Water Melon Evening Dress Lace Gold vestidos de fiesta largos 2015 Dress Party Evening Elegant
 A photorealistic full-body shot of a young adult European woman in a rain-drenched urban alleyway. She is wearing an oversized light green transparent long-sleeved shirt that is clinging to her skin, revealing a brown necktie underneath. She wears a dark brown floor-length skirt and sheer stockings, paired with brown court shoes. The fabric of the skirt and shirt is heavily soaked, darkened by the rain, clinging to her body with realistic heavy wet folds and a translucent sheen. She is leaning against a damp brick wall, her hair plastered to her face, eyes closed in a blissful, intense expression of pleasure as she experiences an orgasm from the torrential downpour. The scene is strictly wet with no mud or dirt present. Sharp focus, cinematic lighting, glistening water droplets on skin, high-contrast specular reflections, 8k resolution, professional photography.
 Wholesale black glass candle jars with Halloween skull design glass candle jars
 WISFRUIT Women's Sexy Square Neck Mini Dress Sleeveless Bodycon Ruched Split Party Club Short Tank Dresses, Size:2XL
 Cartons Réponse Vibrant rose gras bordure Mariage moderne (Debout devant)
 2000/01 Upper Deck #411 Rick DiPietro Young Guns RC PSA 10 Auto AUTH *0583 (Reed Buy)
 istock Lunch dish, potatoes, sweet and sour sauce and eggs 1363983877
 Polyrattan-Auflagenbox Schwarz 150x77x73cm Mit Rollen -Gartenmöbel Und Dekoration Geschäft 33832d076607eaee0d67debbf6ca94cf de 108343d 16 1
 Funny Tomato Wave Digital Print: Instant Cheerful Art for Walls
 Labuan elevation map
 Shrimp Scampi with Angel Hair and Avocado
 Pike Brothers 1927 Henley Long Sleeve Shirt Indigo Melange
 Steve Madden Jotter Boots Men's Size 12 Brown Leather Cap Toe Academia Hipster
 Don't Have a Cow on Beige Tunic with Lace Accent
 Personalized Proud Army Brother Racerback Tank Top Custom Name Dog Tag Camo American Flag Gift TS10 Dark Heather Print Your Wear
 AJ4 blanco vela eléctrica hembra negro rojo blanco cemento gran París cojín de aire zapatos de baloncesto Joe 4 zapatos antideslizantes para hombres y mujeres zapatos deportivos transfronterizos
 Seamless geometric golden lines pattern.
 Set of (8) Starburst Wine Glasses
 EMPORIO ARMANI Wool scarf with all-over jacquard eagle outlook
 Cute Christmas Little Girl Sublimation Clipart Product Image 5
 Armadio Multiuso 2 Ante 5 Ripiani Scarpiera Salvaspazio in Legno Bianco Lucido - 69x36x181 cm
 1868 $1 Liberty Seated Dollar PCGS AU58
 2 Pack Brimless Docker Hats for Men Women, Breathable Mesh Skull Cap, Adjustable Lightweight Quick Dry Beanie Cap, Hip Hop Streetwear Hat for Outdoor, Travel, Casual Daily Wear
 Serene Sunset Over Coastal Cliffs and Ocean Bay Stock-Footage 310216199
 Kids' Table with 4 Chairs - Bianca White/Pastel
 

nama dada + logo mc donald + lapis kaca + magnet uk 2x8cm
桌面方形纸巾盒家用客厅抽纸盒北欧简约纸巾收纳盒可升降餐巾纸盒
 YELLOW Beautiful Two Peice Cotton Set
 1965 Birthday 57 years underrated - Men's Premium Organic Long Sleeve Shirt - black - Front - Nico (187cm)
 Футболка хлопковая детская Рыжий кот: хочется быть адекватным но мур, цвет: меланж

————

Give again, word for word, every line of the listing above from the one with "EMPORIO ARMANI Wool" to the one with "1868 $1 Liberty Seated Dollar PCGS AU58", both inclusive, and nothing beyond them.

_RESPONSE_
 EMPORIO ARMANI Wool scarf with all-over jacquard eagle outlook
 Cute Christmas Little Girl Sublimation Clipart Product Image 5
 Armadio Multiuso 2 Ante 5 Ripiani Scarpiera Salvaspazio in Legno Bianco Lucido - 69x36x181 cm
 1868 $1 Liberty Seated Dollar PCGS AU58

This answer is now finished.